El rock de Vivaldi
Para una amante del bajo eléctrico, de los riffs, de la locura psicodélica de los solos del árido y místico rock del desierto la profundidad de un chelo en manos de Casals era tan conocida como el origen de la materia oscura. Esta ignorancia estaba sustentada por una descarada superioridad musical típica de una adolescencia marcada por la chupa de cuero y los gritos a pulmón partido en las noches de atmósfera humeante y lumínica de los antros nocturnos que frecuentaba.
Y esa supremacía musical me ha perseguido una década después hasta encontrarme encerrada en casa con mis pósters, cds y vinilos más oscuros dando vueltas y más vueltas bajo la ajuga del tocadiscos y provocando más de un trastorno auditivo en mis compañeras felinas y en alguna que otra vecina humana.
Es entonces cuando llega la siempre fatigosa rutina de ponerse a estudiar y tener que escoger una música que no distraiga mi acostumbradamente ajetreada cabecita y no haga que mis bolígrafos se conviertan en improvisadas baquetas que golpean cada libro en ritmos discordantes y aleatorios.
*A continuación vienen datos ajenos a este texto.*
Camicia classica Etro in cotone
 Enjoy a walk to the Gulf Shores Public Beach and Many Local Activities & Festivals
Y sí, todas hemos recurrido al tan relajante y manido “lofi jazz”, “chill hop” o esa variedad de jazz artificial que mezcla melodías repetitivas con sonidos cotidianos de cafeterías y bibliotecas y fenómenos meteorológicos (el más popular es siempre la lluvia).
Y por algún tiempo funciona, te relajas, te centras en las interminables líneas a memorizar, en los esquemas de colores y en las preguntas al margen pero como todo, acaba resultando tedioso, ya no te sirve y de pronto, como esperando su turno en la enorme lista de planes de futuro que nunca harás, un disco de Casals y un vídeo escogido al azar de Vivaldi se cuelan en tu mente, en tu oído y en tu rutina.
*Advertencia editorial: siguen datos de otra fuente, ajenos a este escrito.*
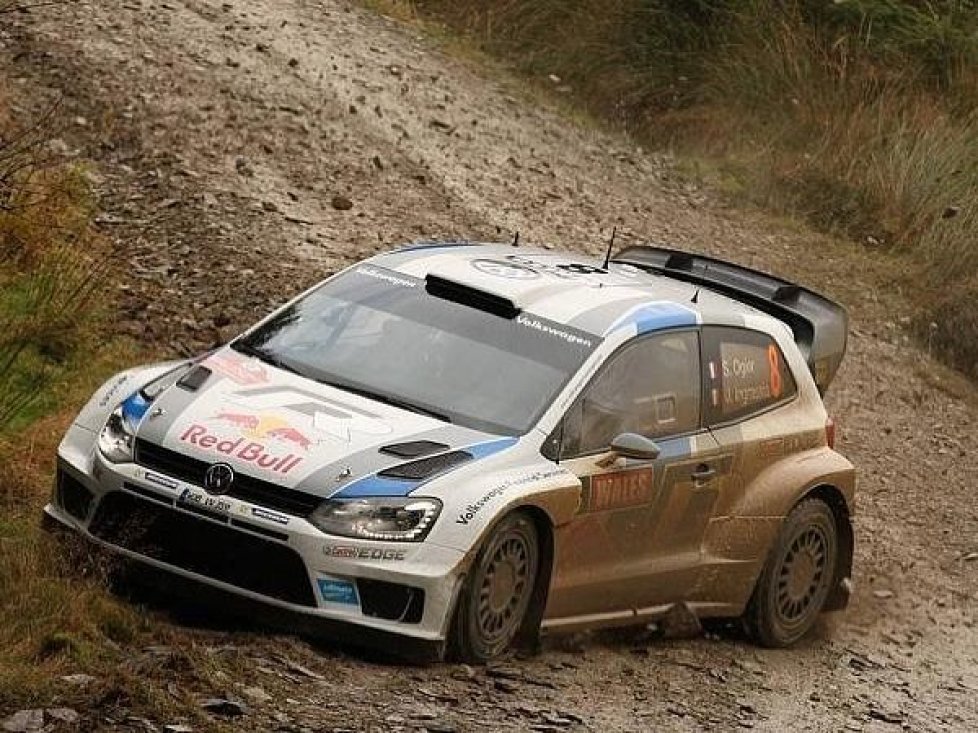 Sebastien Ogier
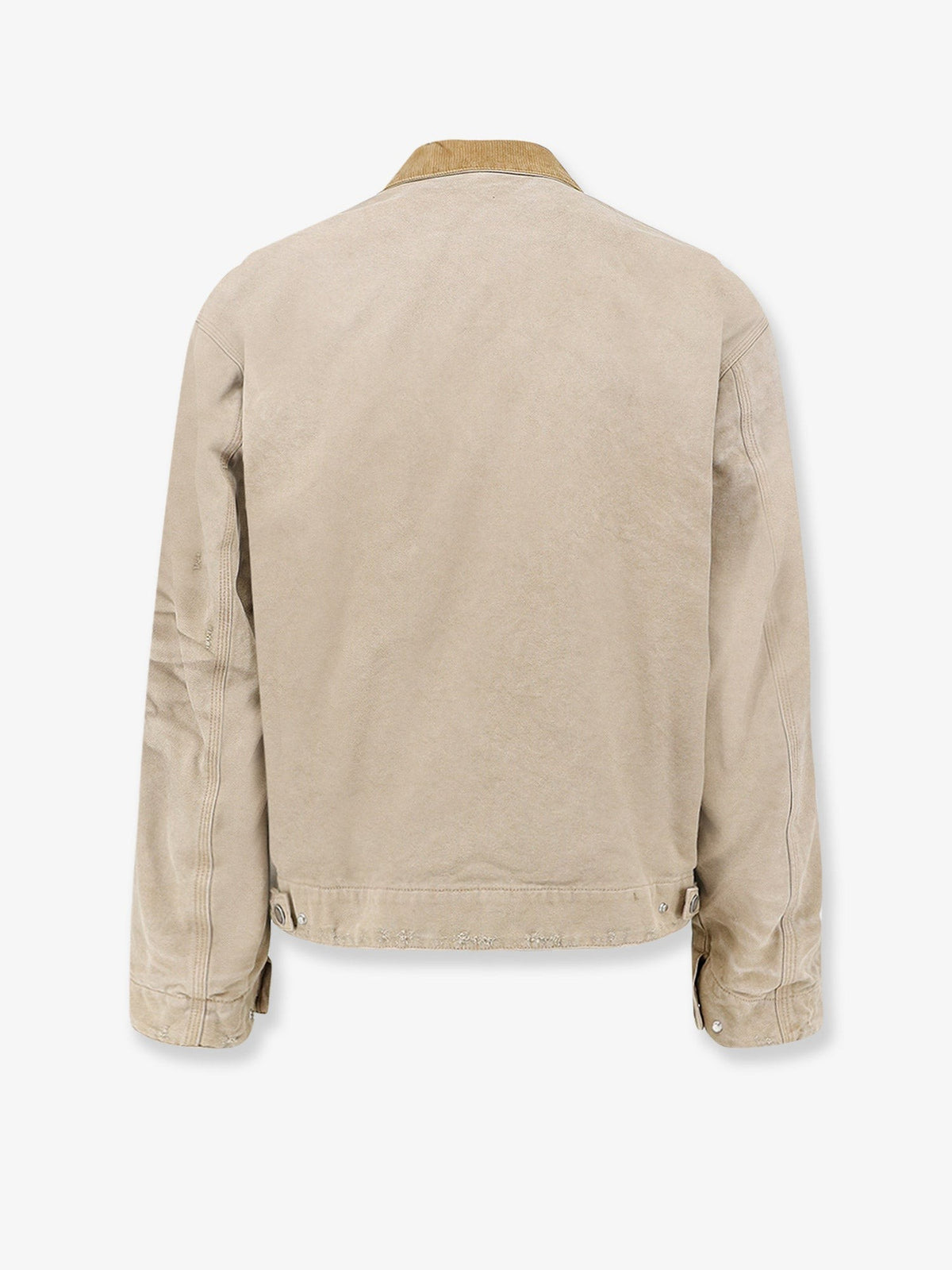 Raul reversible Panama Vintage cotton jacket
Te sorprendes agitando los brazos al ritmo de las estaciones de Vivaldi, el invierno es especialmente enérgico, o tarareando al leve ritmo del piano de Shigeru Umebayashi en el lugar en el que antes había sonidos sintéticos del rumor del oleaje o del viento pasando las hojas de un libro.
En época de catástrofes, ha sido uno de los descubrimientos personales más inusuales y placenteros que he experimentado. Sin tener siquiera oído para tararear bien la tonadilla de una canción infantil, he sentido una extrema profundidad y complejidad al escuchar las teclas de los pianos, los silbidos de las flautas y los desgarradores chillidos de los violines de sinfonías cuyos autores comparten estantería con mis amados Kyuss o The Soulbreaker Company.
Para algunas habrá sido el yoga, la lectura o los puzles. Yo ya era maestrilla de todas las aficiones solitarias pero la música clásica ha ganado una posición en mi larga lista de curiosidades y gustos y tras no pocas reticencias las Fender comienzan a acostumbrarse a los Stradivarius.